Airbus Industries has told USAir that it can't guarantee delivery of 57 jets that had been scheduled for delivery in the next three years, adding pressure on the airline to cut its own costs in order to meet a caveat on which the $2.6 billion purchase hinged.
The announcement came as USAir and the Air Line Pilots Association, which represents its 5,000 pilots, began to negotiate on critical wage and productivity issues and may raise the stakes in the talks.
USAir, based in Arlington, Va., has a memorandum of understanding with Airbus, a European consortium, to buy up to 400 planes by 2001, but the purchase is contingent on the airline's ability to reduce costs to a competitive level.
Industry sources had said that the agreement, valued at up to $18 billion, involved heavy discounting and generous financing by Airbus.
Airbus spokesman Dave Venz told The Charlotte Observer on Wednesday that other airlines want the planes, and that 22 planes set for delivery in 1997 and 29 scheduled for delivery in 1998 can't be reserved for USAir under the current conditions.
However, he said that until Airbus signs a deal with someone else, the delivery slots may still be available for USAir.
Last week, Airbus said it would not deliver six airplanes scheduled for delivery in 1997. Those planes were already committed to leasing companies, but Airbus had been expected to arrange for them to be leased to USAir.
The change in Airbus' position might be in response to a letter that top union officials sent to pilots last week, according to the Observer, which cited sources close to the negotiations.
The letter was critical of the airline's proposal to cut some pilot salaries by 12.5 percent while increasing monthly flying time by up to 11.7 percent.
"Management has proposed a seven-year agreement with excessive wage, benefit, work rule and job security reductions for all pilots," the letter said.
A taped message for ALPA members noted that USAir Chairman Stephen Wolf had been slated to meet with union leaders on Wednesday.
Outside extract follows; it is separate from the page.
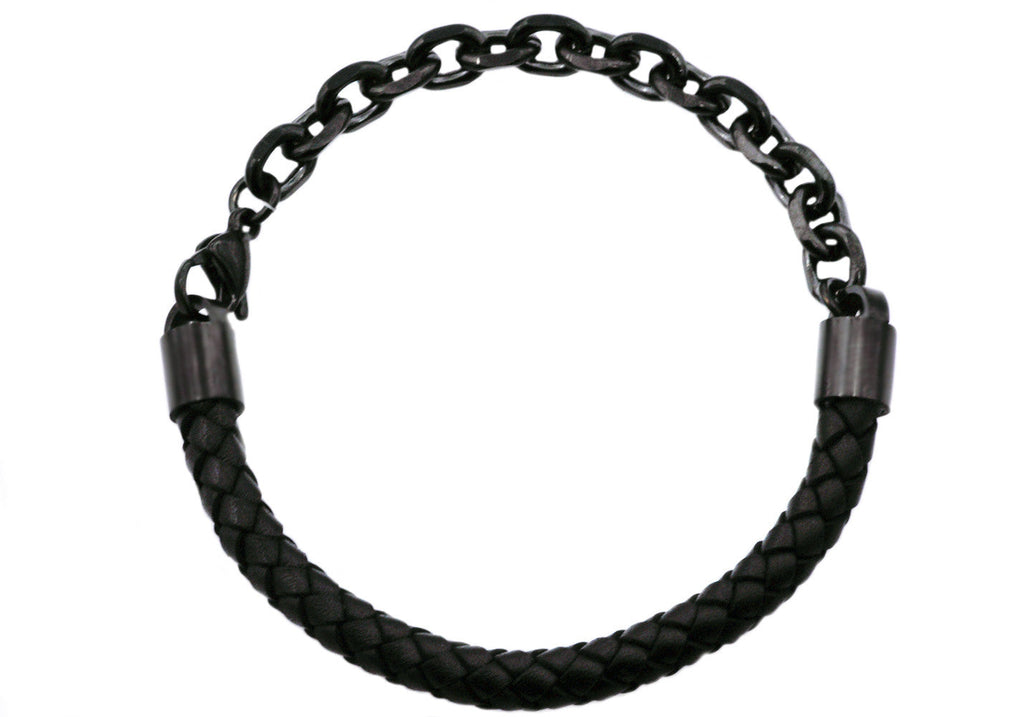 Mens Black Leather Black Stainless Steel Bracelet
It said, "We should expect that Mr. Wolf might use the opportunity to put additional pressure on us."
Wolf has only been at the helm of USAir for a year, and has been widely credited with moving to fix its myriad of problems. The Airbus order was the centerpiece of his efforts.
Airlines such as American and USAir recently have been linking their aircraft orders to their ability to negotiate favorable contracts with their pilots. Last week, American put on hold a $6 billion aircraft order with Boeing while it seeks to renegotiate a contract turned down by its pilots.